# Basic orbit maneuvers

## Understanding Kepler's laws

Kepler defined his laws before Newton found out how gravity causes these laws, so it is a nice set of rules of thumb for spaceflight.

1. The first law defines what a orbit, in Keplers eyes, is: An ellipse (or circle) with the central body in the focal point of it.
2. The second law describes the change in velocity with changing distance to a planet. The further you go away from the planet, the slower you get on the same orbit. It comes from the law of conservation of angular momentum.
3. The third and last law defined the changes in Orbit period.

## Orbital Maneuvers

### Raising/lowering periapsis

Lowering the periapsis of your orbit is also a useful maneuver to master, as it plays an important role in deorbiting you craft. The procedure is similar to what is done to raise your periapsis, but inverse. Again, you must wait until you are nearing your apoapsis, but instead of turning prograde when ApT=90 , you will turn retrograde (]). Once your craft has fully turned and is facing retrograde, engage your main thrusters, and monitor the rate at which your periapsis falls. Be careful to kill thrust before you periapsis has fallen below the surface.

### Raising/lowering apoapsis

Your apoapsis is raised and lowered in ways similar to the manipulation of your periapsis. These maneuvers are just as important as important as the maneuvers regarding your periapsis, and a similar amount of time should be dedicated to mastering and understanding them.
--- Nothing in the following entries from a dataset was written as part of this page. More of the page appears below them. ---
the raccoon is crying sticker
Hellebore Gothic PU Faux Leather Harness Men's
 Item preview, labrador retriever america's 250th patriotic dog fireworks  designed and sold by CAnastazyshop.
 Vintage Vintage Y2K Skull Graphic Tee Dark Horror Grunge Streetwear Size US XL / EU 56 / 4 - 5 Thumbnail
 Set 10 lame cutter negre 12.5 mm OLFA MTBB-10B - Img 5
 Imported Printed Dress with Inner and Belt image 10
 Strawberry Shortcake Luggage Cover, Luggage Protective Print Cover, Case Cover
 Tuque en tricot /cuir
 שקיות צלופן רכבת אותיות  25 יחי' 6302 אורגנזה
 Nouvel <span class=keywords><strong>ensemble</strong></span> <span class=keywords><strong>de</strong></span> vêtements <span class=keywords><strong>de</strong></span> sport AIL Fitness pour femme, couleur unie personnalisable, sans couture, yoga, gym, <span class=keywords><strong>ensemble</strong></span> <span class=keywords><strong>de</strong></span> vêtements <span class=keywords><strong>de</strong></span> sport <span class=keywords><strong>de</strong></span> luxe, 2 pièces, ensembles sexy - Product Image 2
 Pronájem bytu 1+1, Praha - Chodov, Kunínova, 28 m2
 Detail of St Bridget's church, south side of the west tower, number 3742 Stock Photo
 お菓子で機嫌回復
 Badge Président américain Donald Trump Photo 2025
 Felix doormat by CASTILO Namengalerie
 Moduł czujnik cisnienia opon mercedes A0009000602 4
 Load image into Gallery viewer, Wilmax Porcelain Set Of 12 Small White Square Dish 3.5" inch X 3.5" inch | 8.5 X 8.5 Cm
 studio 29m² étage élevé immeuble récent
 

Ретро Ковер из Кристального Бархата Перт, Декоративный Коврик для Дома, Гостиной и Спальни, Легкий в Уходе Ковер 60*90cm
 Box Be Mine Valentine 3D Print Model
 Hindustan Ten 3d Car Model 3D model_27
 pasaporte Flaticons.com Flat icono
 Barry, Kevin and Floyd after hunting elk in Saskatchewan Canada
Instead of burning at your apoapsis, as was done with periapsis manipulation, you will now burn at your periapsis. On your Orbit MFD, you will want to watch the PeT reading, and wait for it to approach 90 seconds. Once it does, turn prograde ([) and fire your main thrusters. You will notice the altitude of the apoapsis ( ApA on the Orbit MFD) begin to increase. Kill thrust when it has reached a desired altitude.

Lowering, again, is the inverse of the procedure for raising. Once you reach your periapsis, turn retrograde (]), and engage thrusters. The ApA readout will begin to decrease. If you lower you apoapsis far enough, you may notice your apoapsis and periapsis flipping on the Orbit MFD. This is due to your apoapsis's altitude falling lower than your periapsis's altitude, and therefore it is no longer the apoapsis. Continue firing regardless of this, and your apoapsis (now the periapsis) will continue to lower.

### Plane changes

Plane changes are performed to alter your orbital inclination. This is useful for matching orbits with a target vessel.

### Deorbit

Deorbiting is an essential part of many missions. Although some craft do have retro engines, not all do. Therefore, the best option is to point retrograde and fire your main engines until your periapsis is beneath the surface of the body you are orbiting. Depending on the body, you may have to perform a reentry or use the hover engines.

## Transfer maneuvers

### Hohmann transfer

A Hohmann transfer is an elliptical orbit which allows both the apoapsis and periapsis to be raised or lowered. It is done by firing the engines prograde at a desired point on the orbit. The apoapsis should coincide with the altitude of your next orbit. The engines are then fired prograde at the apoapsis of the new orbit to circularize it.

Due to the reversibility of orbits, a Hohmann transfer can lower an orbit. The engines are fired retrograde for the transfer orbit, and the circularization takes place with a retrograde burn at the periapsis of the transfer orbit.

Hohmann transfers are great for simple planet-to-planet or moon-to-moon transfers. They will need course corrections, and may be modified to encounter multiple objects (as in a slingshot).

### Bi-elliptic transfer

A bi-elliptic transfer is a modified Hohmann transfer which uses a large orbit to raise a smaller orbit. It may seem like overkill, but certain cases may require less delta-v than regular Hohmann transfers.

As in a regular Hohmann, the engines are fired prograde at the desired point in the orbit, but the apoapsis of the transfer orbit overshoots the desired altitude. The engines are fired again at apoapsis so that the periapsis becomes the desired altitude. At the new periapsis, the engines are fired retrograde so that the apoapsis is lowered to the desired altitude.

If your orbit is too low, a backwards transfer with a bi-elliptical is not recommended, as your periapsis may be too low, and you will crash. Bi-elliptic transfers may be too lengthy for planet-to-planet transfers.